*ASSIGNMENT*
Work out how many lines in these entries include the string "foto", and give only that figure.
Start of PROVIDED DATA
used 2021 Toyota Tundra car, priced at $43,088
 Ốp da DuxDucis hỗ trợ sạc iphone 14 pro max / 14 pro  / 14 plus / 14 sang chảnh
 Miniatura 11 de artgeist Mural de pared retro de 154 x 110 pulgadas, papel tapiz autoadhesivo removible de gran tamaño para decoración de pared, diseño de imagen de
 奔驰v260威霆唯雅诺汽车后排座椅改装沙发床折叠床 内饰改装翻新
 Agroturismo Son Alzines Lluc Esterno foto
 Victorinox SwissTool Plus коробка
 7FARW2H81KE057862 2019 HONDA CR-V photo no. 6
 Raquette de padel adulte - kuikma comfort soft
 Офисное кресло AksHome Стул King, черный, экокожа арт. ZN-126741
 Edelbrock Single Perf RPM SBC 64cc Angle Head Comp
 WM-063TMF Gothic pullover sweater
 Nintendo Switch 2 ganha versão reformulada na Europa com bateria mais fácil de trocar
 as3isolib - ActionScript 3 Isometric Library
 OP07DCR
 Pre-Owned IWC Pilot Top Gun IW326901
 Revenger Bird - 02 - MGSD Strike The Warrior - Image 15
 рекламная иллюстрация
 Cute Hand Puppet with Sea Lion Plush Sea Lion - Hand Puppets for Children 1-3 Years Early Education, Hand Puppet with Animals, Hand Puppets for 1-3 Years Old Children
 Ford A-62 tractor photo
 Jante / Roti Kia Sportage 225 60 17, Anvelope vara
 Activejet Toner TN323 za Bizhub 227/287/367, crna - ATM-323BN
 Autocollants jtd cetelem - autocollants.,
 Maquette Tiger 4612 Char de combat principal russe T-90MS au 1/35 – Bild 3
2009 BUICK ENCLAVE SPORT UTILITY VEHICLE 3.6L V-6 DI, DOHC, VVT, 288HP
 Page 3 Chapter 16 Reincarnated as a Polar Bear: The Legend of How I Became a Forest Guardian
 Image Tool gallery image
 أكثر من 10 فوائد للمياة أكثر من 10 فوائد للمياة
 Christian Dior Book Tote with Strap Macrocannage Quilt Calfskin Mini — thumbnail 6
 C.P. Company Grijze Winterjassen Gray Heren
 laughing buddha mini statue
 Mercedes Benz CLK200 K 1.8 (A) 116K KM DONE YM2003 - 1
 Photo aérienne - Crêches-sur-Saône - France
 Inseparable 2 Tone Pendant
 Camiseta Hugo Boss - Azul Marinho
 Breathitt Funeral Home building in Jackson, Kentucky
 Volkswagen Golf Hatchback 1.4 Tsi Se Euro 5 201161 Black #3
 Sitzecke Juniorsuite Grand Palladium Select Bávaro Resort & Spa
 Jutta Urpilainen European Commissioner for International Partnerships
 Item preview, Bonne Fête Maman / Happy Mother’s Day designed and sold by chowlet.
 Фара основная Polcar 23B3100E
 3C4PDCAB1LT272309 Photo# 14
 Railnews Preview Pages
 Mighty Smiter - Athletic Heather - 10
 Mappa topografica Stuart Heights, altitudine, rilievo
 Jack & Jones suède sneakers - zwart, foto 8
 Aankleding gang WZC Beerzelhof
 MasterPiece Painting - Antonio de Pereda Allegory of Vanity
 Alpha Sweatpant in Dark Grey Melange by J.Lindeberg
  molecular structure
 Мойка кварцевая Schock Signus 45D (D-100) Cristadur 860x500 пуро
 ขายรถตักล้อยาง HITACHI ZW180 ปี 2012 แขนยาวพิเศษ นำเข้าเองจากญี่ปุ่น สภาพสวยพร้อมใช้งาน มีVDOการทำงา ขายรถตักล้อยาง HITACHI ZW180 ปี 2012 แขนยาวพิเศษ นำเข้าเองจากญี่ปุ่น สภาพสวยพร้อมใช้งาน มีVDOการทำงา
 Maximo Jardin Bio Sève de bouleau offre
End of PROVIDED DATA
*RESPONSE BELOW*
2